How to Blog Responsibly:
Eating disorders are serious illnesses that must be covered in a careful and responsible manner. Whether you are sharing your story or providing tools, resources, information or research, here are some suggestions to guide you in your coverage of eating disorders:
- Don't focus on graphic images or descriptions of the bodies of eating disorder sufferers. Research proves that coverage dramatizing dangerous thinness can provoke a "race to the bottom" among other sufferers, i.e., "She is thinner than I am and she's still alive. I should lose more weight."
- Don't play the numbers game. "She ate only 400 calories a day" or "He took as many as 10 laxatives at a time" can turn a well-intentioned article into an instructive piece for those who are struggling or vulnerable to an eating disorder.
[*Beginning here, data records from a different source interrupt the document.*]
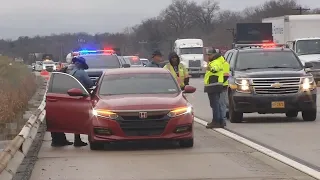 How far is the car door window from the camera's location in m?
12.9

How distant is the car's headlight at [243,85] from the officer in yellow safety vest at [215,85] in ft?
3.56

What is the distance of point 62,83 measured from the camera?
42.8 feet

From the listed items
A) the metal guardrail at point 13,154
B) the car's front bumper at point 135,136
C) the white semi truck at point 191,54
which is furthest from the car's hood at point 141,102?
the white semi truck at point 191,54

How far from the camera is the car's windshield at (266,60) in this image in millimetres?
17672

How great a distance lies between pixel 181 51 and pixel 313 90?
38.2 m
- Watch out for "anorexia chic." Eating disorders and their sufferers shouldn't be glamorized or, worse yet, presented as people with "astounding will-power" or "incredible self-control."
- Be careful with narratives of those who "bravely fought their illness alone." The reality is that most people do not get to a place of full recovery without professional help. The vast majority of those who beat eating disorders do it only with a team of trained medical and mental health professionals. Consider how you would not want to write about someone "bravely fighting" alcohol or drug addiction without proper intervention and professional care.
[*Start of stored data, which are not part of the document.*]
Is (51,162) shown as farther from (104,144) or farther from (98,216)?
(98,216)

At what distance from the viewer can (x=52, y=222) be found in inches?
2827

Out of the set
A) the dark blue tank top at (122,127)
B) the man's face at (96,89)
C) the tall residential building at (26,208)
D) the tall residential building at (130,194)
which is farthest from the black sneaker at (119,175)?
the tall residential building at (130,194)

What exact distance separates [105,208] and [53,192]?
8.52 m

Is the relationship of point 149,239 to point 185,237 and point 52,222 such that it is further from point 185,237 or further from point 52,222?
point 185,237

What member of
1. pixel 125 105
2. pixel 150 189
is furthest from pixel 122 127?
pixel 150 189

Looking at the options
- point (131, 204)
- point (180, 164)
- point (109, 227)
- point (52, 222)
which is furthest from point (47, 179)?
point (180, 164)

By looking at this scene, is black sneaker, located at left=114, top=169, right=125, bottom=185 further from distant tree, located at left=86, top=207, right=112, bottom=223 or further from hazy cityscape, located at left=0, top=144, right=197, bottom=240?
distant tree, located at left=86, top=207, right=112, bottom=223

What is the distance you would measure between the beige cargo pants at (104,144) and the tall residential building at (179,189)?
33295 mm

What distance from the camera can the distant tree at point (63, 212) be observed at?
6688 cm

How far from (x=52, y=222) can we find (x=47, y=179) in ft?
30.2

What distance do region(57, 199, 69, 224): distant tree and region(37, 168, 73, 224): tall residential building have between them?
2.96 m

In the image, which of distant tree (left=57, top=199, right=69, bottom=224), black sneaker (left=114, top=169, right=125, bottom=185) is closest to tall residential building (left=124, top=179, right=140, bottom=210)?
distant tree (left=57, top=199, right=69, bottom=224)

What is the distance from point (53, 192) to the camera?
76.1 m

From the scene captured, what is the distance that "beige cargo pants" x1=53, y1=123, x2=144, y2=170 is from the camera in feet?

- Try to strike a balance between "serious" and "hopeful," and always encourage people to seek help for themselves or loved ones who are suffering. Recovery is long, difficult and often expensive, but it is achievable and there are many options available.
- Include contact numbers, addresses, or web links to information and treatment resources wherever possible. Otherwise you will raise fears and concerns without providing an outlet for help and support. (Our toll-free Information and Referral Helpline, 800-931-2237, and website, www.NationalEatingDisorders.org, provide great nationwide resources.)
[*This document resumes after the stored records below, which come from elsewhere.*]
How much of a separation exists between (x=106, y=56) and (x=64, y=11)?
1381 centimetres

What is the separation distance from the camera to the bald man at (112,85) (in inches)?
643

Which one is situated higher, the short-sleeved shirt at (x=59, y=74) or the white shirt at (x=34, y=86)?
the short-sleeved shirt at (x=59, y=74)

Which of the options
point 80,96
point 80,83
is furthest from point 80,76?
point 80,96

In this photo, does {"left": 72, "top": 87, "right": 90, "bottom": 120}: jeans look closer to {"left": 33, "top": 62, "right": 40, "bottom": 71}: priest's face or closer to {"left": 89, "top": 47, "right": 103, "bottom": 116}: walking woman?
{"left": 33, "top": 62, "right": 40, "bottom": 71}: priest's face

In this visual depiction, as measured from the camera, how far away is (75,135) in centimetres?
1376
- If you need more information, ask! The National Eating Disorders Association has the latest resources and in many cases we may be able to point you to treatment professionals or prevention volunteers in your area.
A Note About Pro-Anorexia, Pro-Bulimia, and Thinspiration Websites and Blogs:
Pro-ana, pro-mia and thinspo are short for pro-anorexia, pro-bulimia, and thinspiration, respectively. These terms refer to web content that intentionally encourages or glorifies dangerous behaviors characteristic of those who struggle with the eating disorders Anorexia Nervosa and Bulimia Nervosa, which can be life-threatening.
Such sites are dangerous, both for those who have an eating disorder and those who do not, but may be vulnerable, and it is critical that coverage or mention of this topic be responsible because failure to do so may inadvertently increase traffic to the sites, with potentially devastating consequences for your readers.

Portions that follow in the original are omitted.